In [1]:
import torch
from transformers import AutoModelForCausalLM, AutoTokenizer
import lm_eval
from lm_eval.models.huggingface import HFLM

In [2]:
device = "cuda" if torch.cuda.is_available() else "cpu"

In [3]:
device = "cuda" # the device to load the model onto

model = AutoModelForCausalLM.from_pretrained(
    "Qwen/Qwen1.5-MoE-A2.7B-Chat",
    dtype="auto",
    device_map="auto",
    trust_remote_code=False
)
tokenizer = AutoTokenizer.from_pretrained("Qwen/Qwen1.5-MoE-A2.7B-Chat")

prompt = "Give me a short introduction to large language model."
messages = [
    {"role": "system", "content": "You are a helpful assistant."},
    {"role": "user", "content": prompt}
]
text = tokenizer.apply_chat_template(
    messages,
    tokenize=False,
    add_generation_prompt=True
)
model_inputs = tokenizer([text], return_tensors="pt").to(device)

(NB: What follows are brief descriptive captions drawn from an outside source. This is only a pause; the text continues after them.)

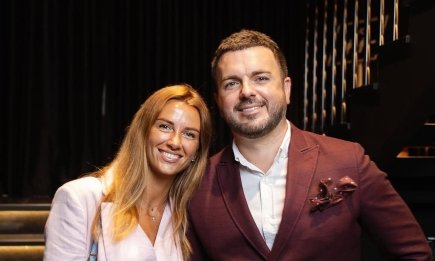 "Что там за планы?": Жена Решетника намекнула на четвертую беременность, чем поразила мужчину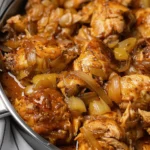 Dutch Oven Mississippi Chicken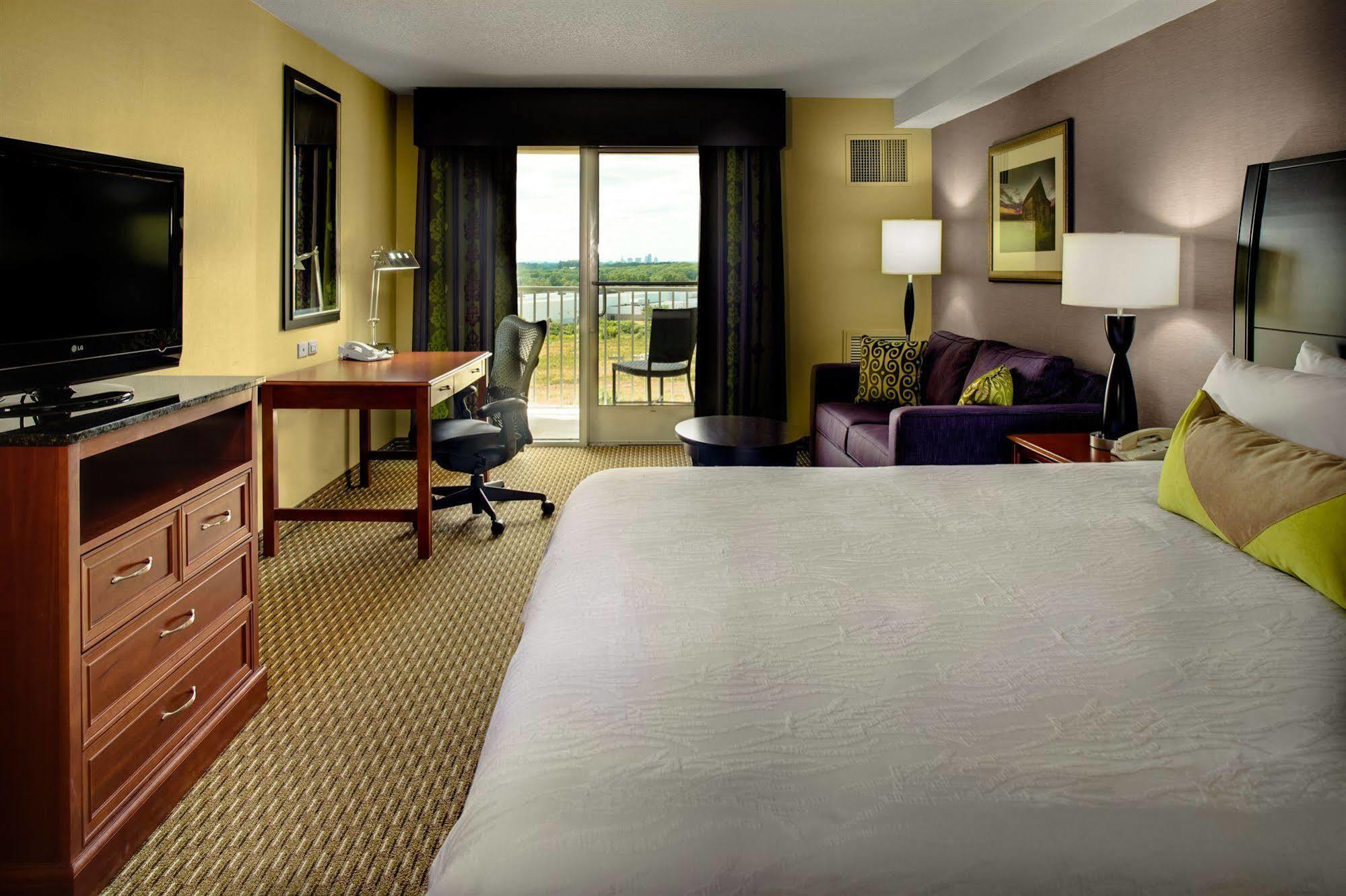 מוריסוויל Hilton Garden Inn Raleigh Durham Airport מראה חיצוני תמונה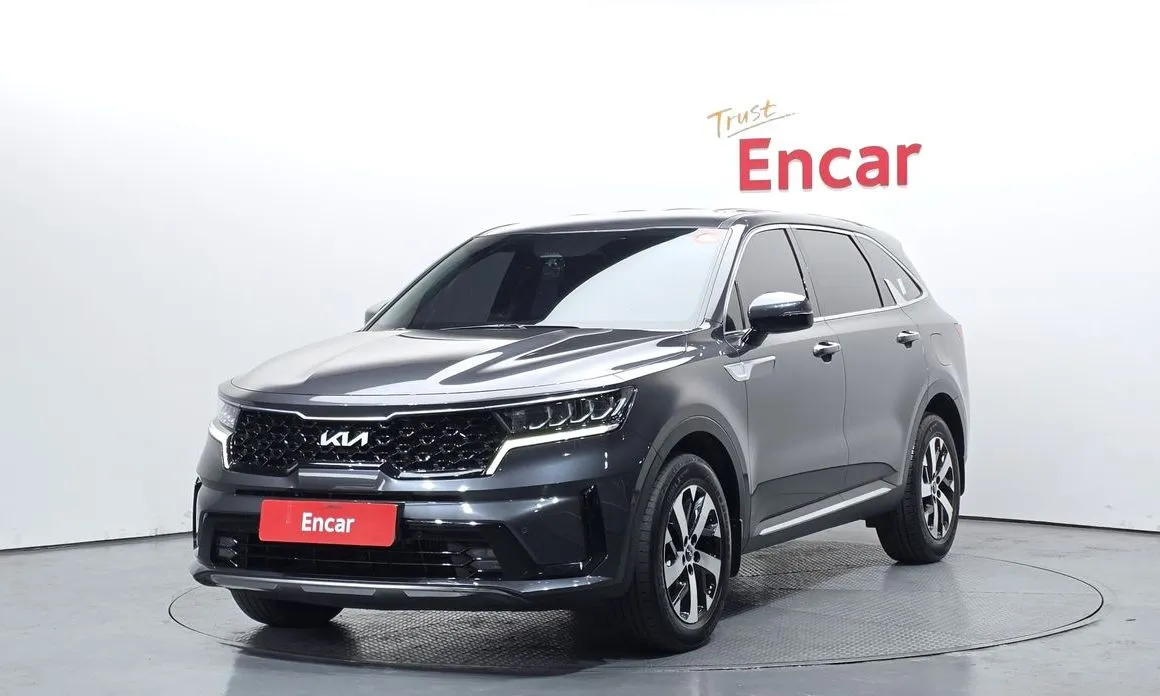 Kia Sorento — фото 1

generated_ids = model.generate(
    model_inputs.input_ids,
    max_new_tokens=512
)
generated_ids = [
    output_ids[len(input_ids):] for input_ids, output_ids in zip(model_inputs.input_ids, generated_ids)
]

response = tokenizer.batch_decode(generated_ids, skip_special_tokens=True)[0]

Loading checkpoint shards:   0%|          | 0/8 [00:00<?, ?it/s]

The attention mask is not set and cannot be inferred from input because pad token is same as eos token. As a consequence, you may observe unexpected behavior. Please pass your input's `attention_mask` to obtain reliable results.


In [4]:
print(response)

A large language model is a type of artificial intelligence that is designed to understand and generate human-like language. These models are typically very large in terms of their size, often consisting of billions of parameters, and are trained on vast amounts of text data in order to learn the patterns and structures of language.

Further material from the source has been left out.